Thanks it is probably the Custom Deluxe then, no trim anywhere on pillars or side windows,
The 800 number, they really didnt do much good, just a VIN lookup which I already had.

thanks
Jeff Smith
Pensacola
mvpco


----------



## 2401 (Feb 3, 2001)

I seem to have forgotten my manners here - I didn't even say "welcome" in any of my replies!  Well, better late than never: Welcome to the forum!

Sounds like the Custom Deluxe then, nice thing about that is since they're the most common, it'll be easy to find replacement trim badges at the wrecker if you're looking for some.

And if you're looking to upgrade your interior, any Chev/GMC pickup of that era can be your "donor" truck, it will just require drilling holes to attach the trim pieces that hold the headliner in. I did that with mine, using the parts from a '79 Silverado. Other different parts include the door trim panels and a carpeted piece that goes below them, and the kick panels down by your feet.

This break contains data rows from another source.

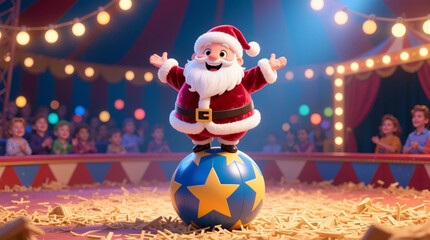 Santa Claus Circus Performance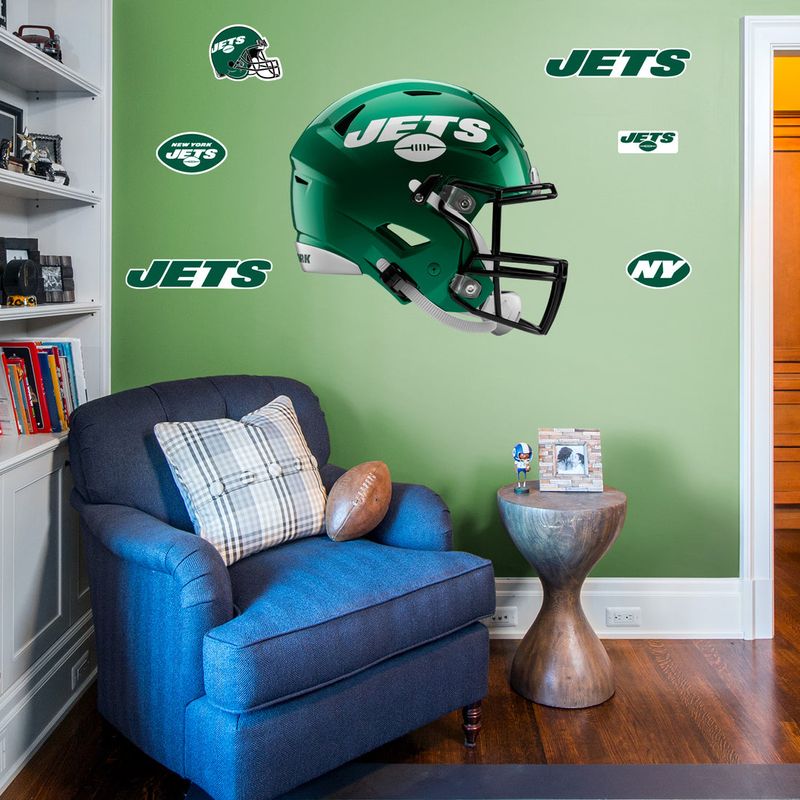 Stocktee New York Jets 2022 Helmet Limited Edition Removable Wall Decal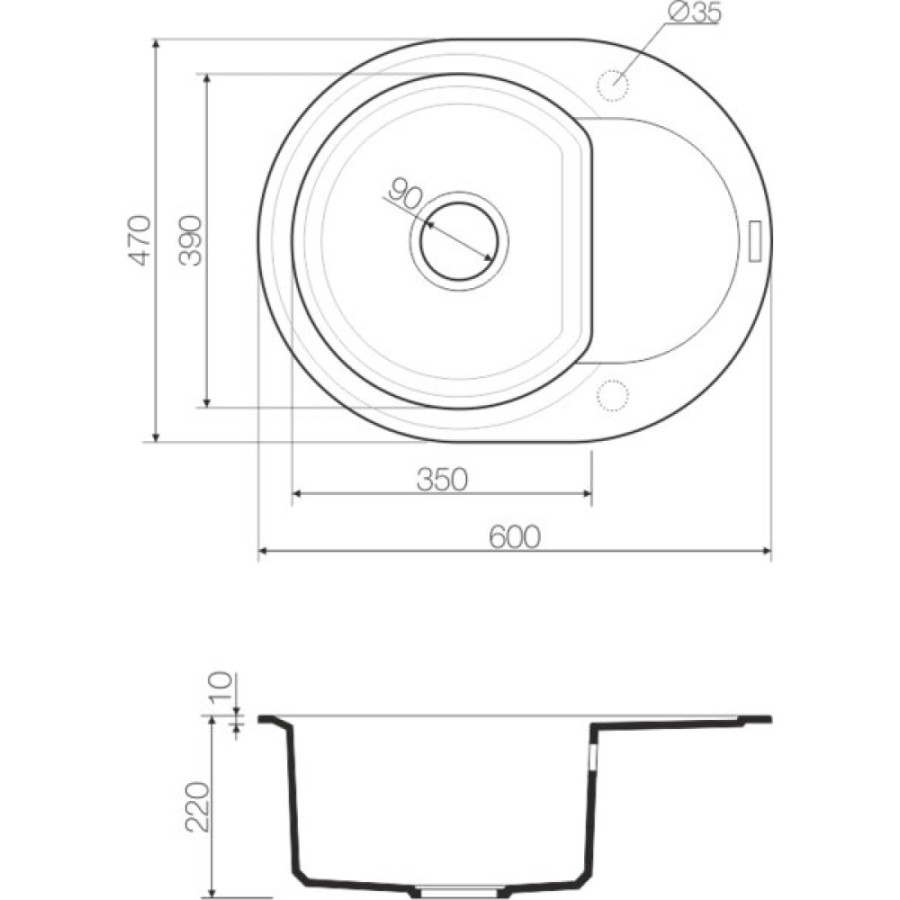 Мойка кухонная Omoikiri Sakaime 60E-BE 4993121, 60 см, tetogranit, ваниль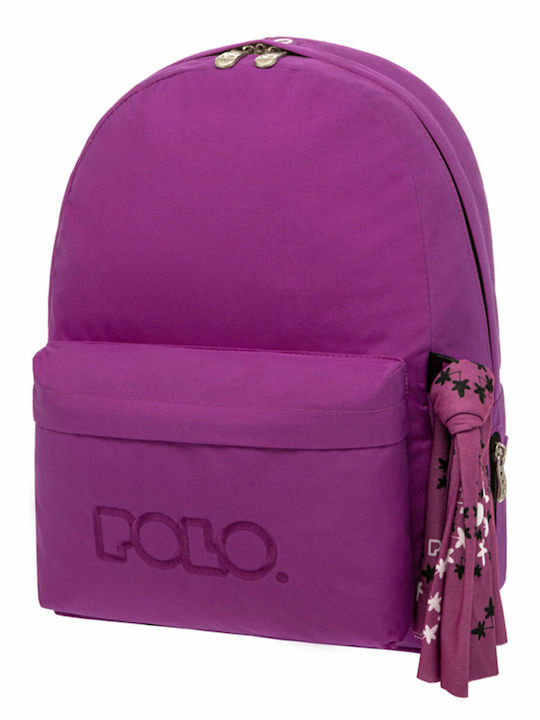 Polo Original Scarf Purple Scarf School Bag Backpack Junior High-High School in Purple color 23lt 2022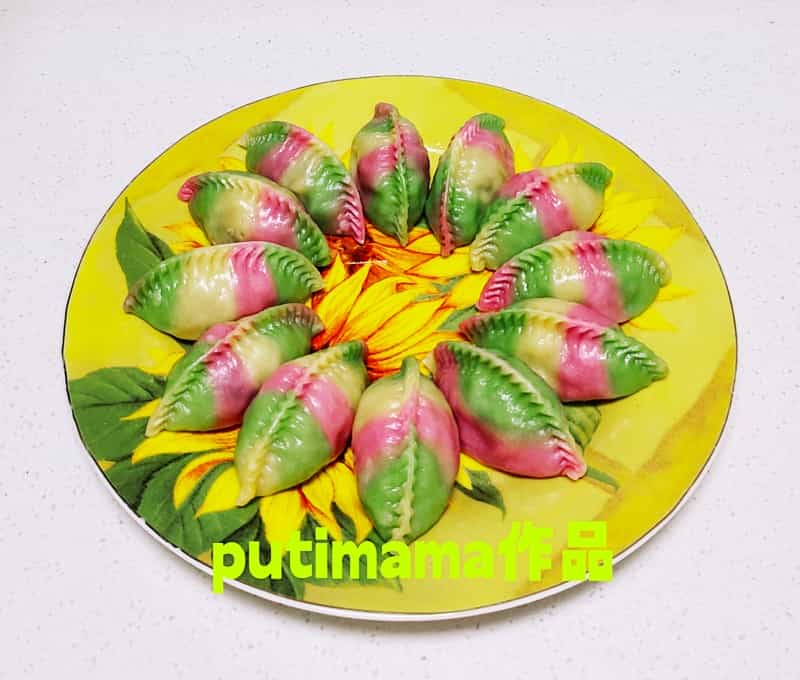 彩虹蒸餃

[Edited by 75 on 03-14-2001 at 06:22 PM]


----------



## Razzlo (Jan 29, 2001)

That's true. I have an '84 C10 Custom Deluxe and have had no problems finding parts and pieces. Actually I a fortunate because there is a u-pull-it near my house and I go about every other week to find parts. Funny thing though. There are PLENTY ofr FORDS in the bone yard, but the CHEVY's are slim pickins..... What does THAT tell you? I am going net week to pull a steel drop bumper that lists for over $200. I can get it for $50!!!. THATS a deal. Later.


----------



## plowjockey (Dec 3, 2000)

OK Here we go

1 Made in the U.S.
GC Chevy
D 5001# to 6000# hydraulic brake system and gvwr
C Two wheel drive 1981-86
1 Half ton
4 Body type 2-door cab
N Engine description 262 v-6
7 Check digit
F Model Year 1985
F Plant Code Flint
334620 Production Assembly Sequence Number

I got the information from an LMC Truck catalog. You can order a catalog online at http://www.lmctruck.com

Bruce


----------